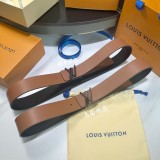 日本未入荷 ルイヴィトン 新作 メンズベルト コピー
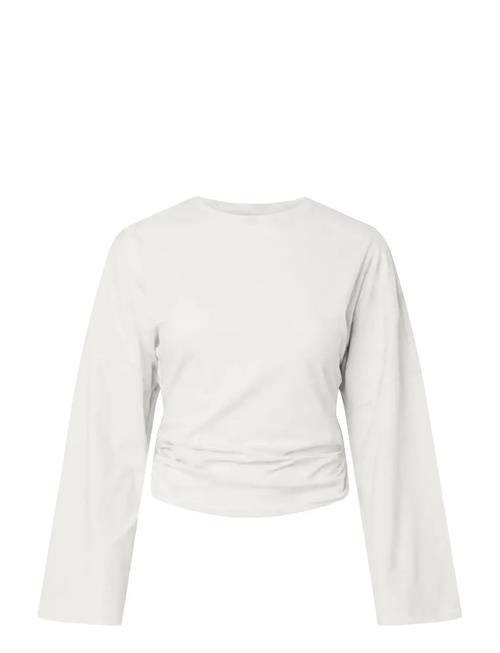 Pieces | Pcalli Ls O-Neck Top | M
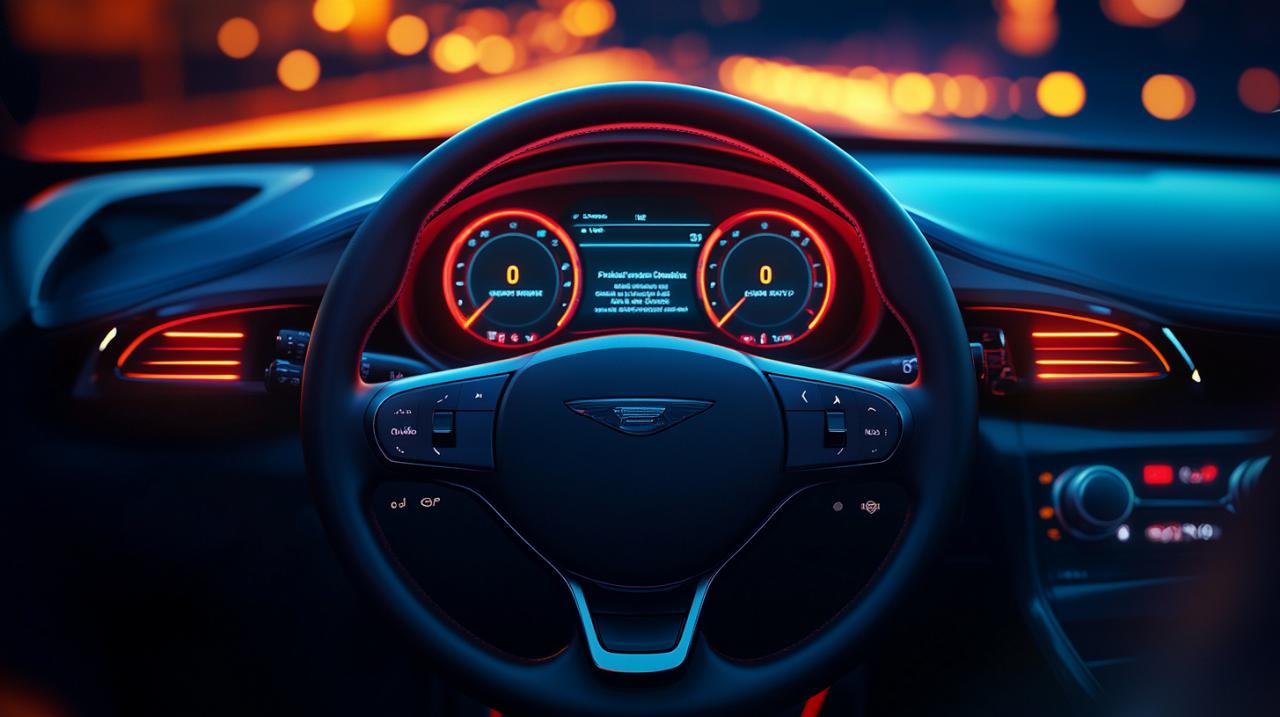 L&rsquo;intégration du régulateur de vitesse aux systèmes de navigation : guide complet pour conducteurs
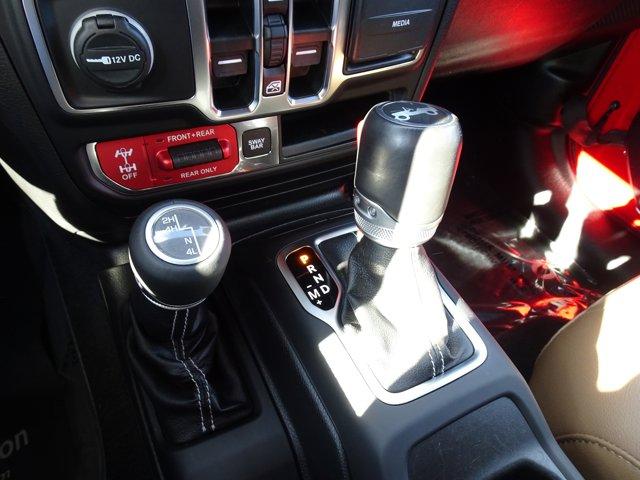 used 2020 Jeep Wrangler Unlimited car, priced at $29,995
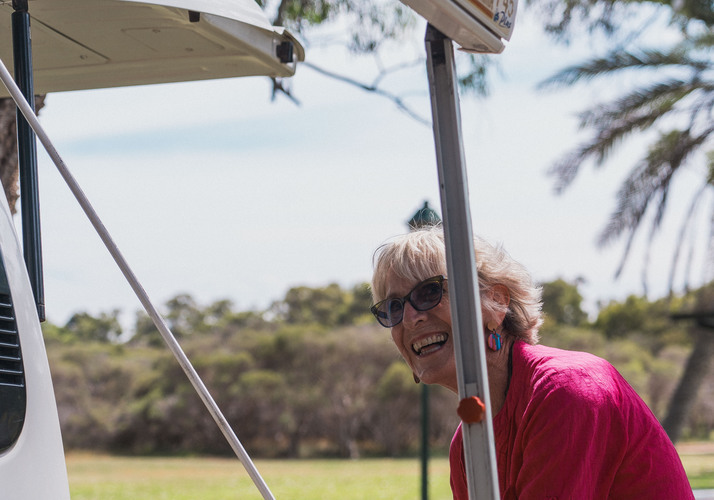 Image of a Campervan - Image 6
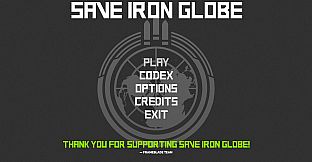 Save Iron Globe - Supporter pack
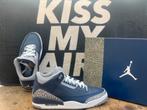 JORDAN 3 retro GEORGETOWN US 9/ EU 42,5, Overige kleuren, Air Jordan, Nieuw, Ophalen of Verzenden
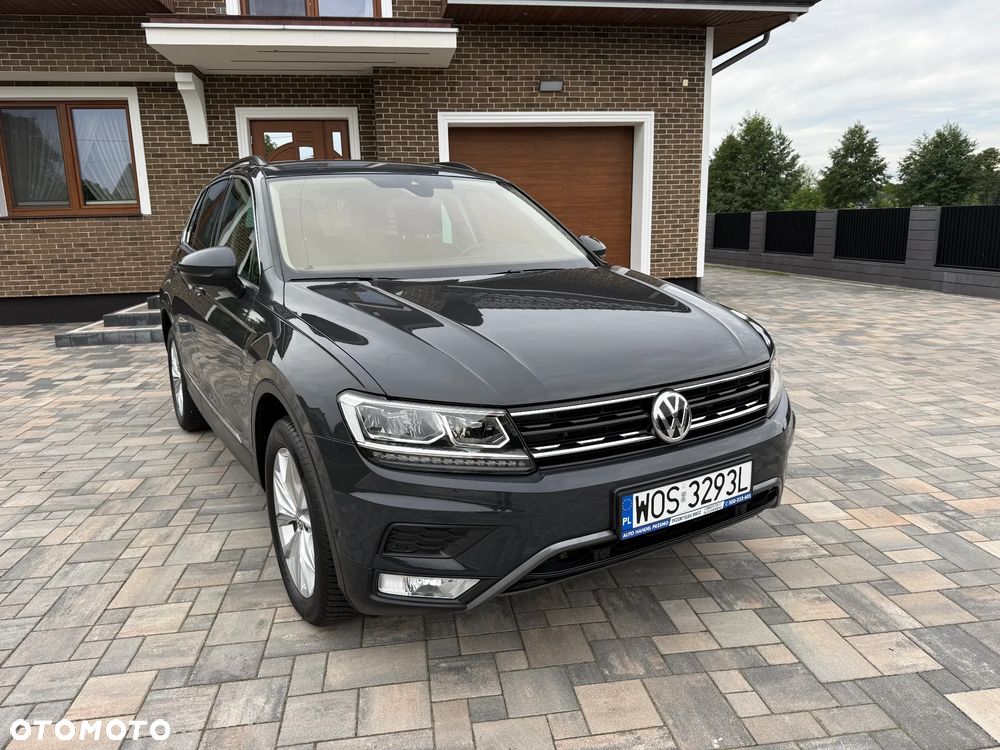 Volkswagen Tiguan 2.0 TDI SCR 4Motion (BlueMotion Techn.) DSG Comfortline - 2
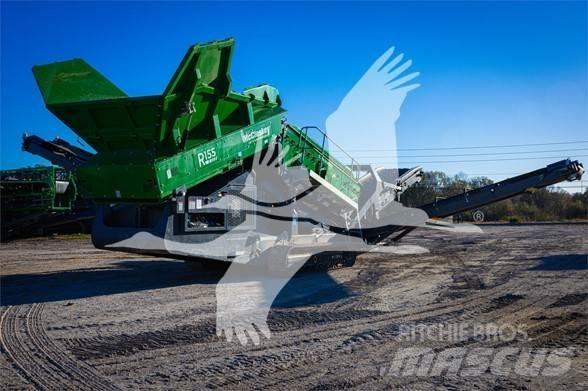 McCloskey R155 Пресяващи и Сортиращи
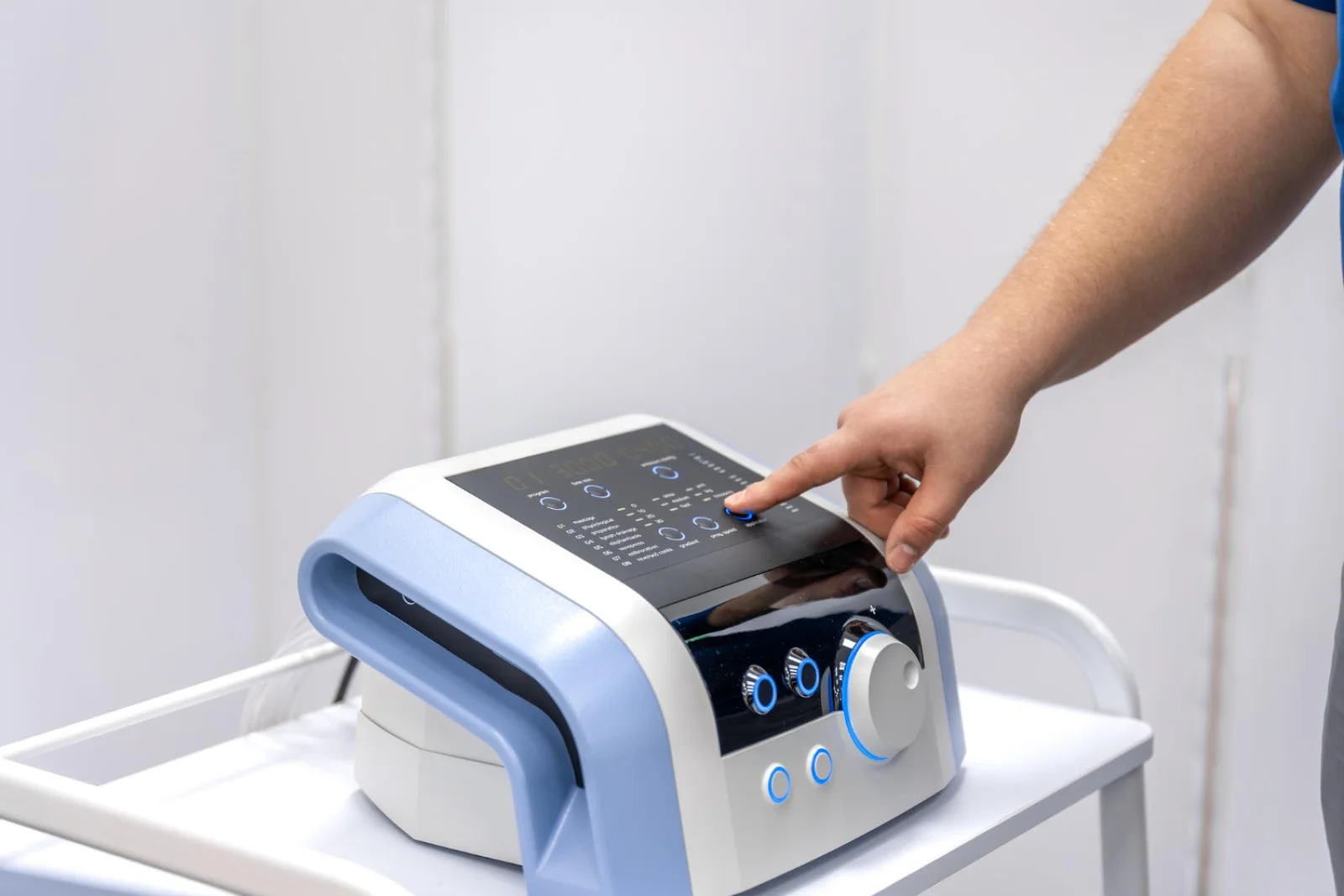 Electrotherapy Devices (TENS, NMES & Ultrasound) Banner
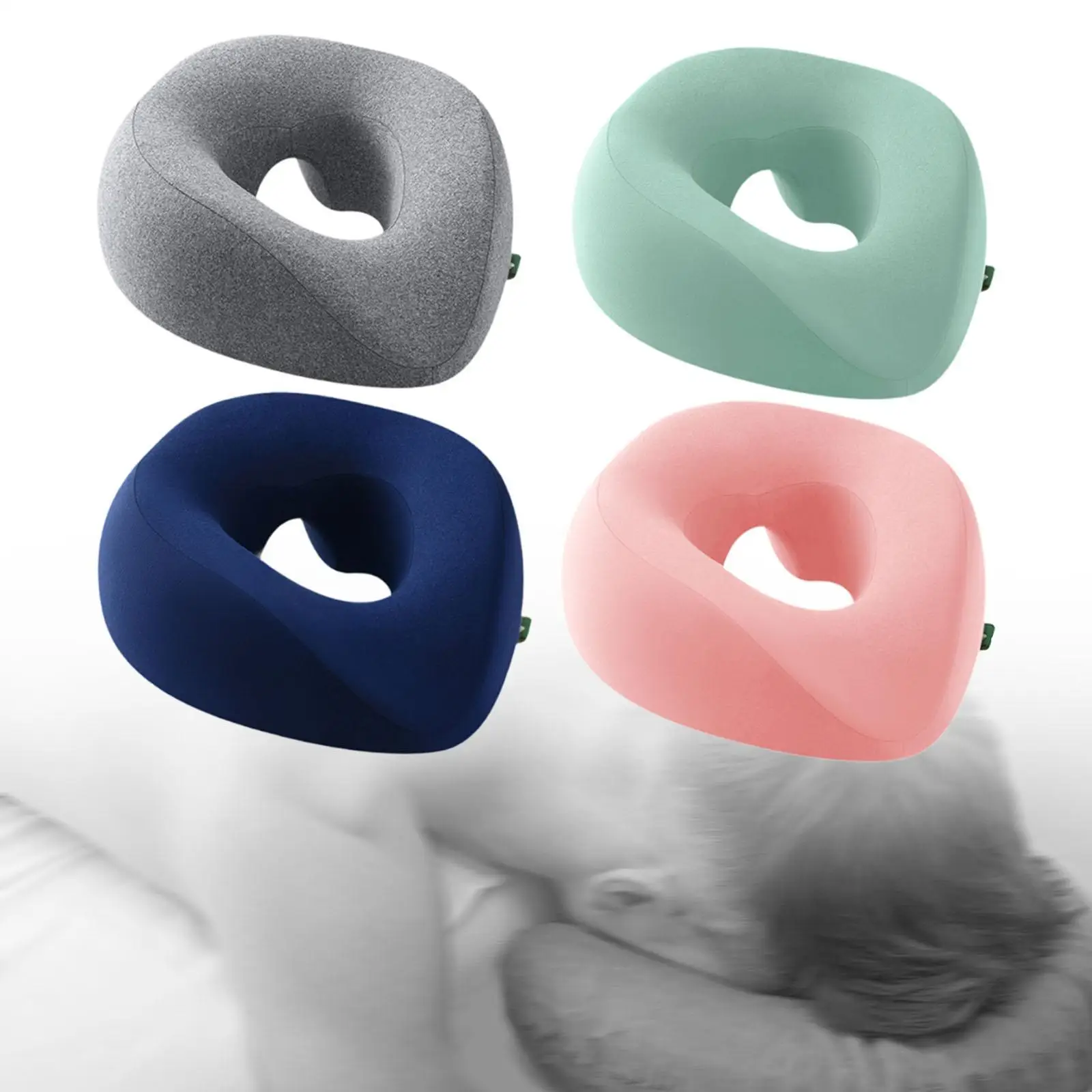 Salon Massage Pillow Comfortable Table Neck Head Cushion Support Pillow Home Massage Headrest for Friends Mom Men Family Flights
Salon Massage Pillow Comfortable Table Neck Head Cushion Support Pillow Home Massage Headrest for Friends Mom Men Family Flights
+ + + + +
YOUR OBJECTIVE> Please reproduce the records above exactly and leave any picture behind.

EXPECTED ANSWER>
 日本未入荷 ルイヴィトン 新作 メンズベルト コピー
 Pieces | Pcalli Ls O-Neck Top | M
 L&rsquo;intégration du régulateur de vitesse aux systèmes de navigation : guide complet pour conducteurs
 used 2020 Jeep Wrangler Unlimited car, priced at $29,995
 Image of a Campervan - Image 6
 Save Iron Globe - Supporter pack
 JORDAN 3 retro GEORGETOWN US 9/ EU 42,5, Overige kleuren, Air Jordan, Nieuw, Ophalen of Verzenden
 Volkswagen Tiguan 2.0 TDI SCR 4Motion (BlueMotion Techn.) DSG Comfortline - 2
 McCloskey R155 Пресяващи и Сортиращи
 Electrotherapy Devices (TENS, NMES & Ultrasound) Banner
 Salon Massage Pillow Comfortable Table Neck Head Cushion Support Pillow Home Massage Headrest for Friends Mom Men Family Flights
Salon Massage Pillow Comfortable Table Neck Head Cushion Support Pillow Home Massage Headrest for Friends Mom Men Family Flights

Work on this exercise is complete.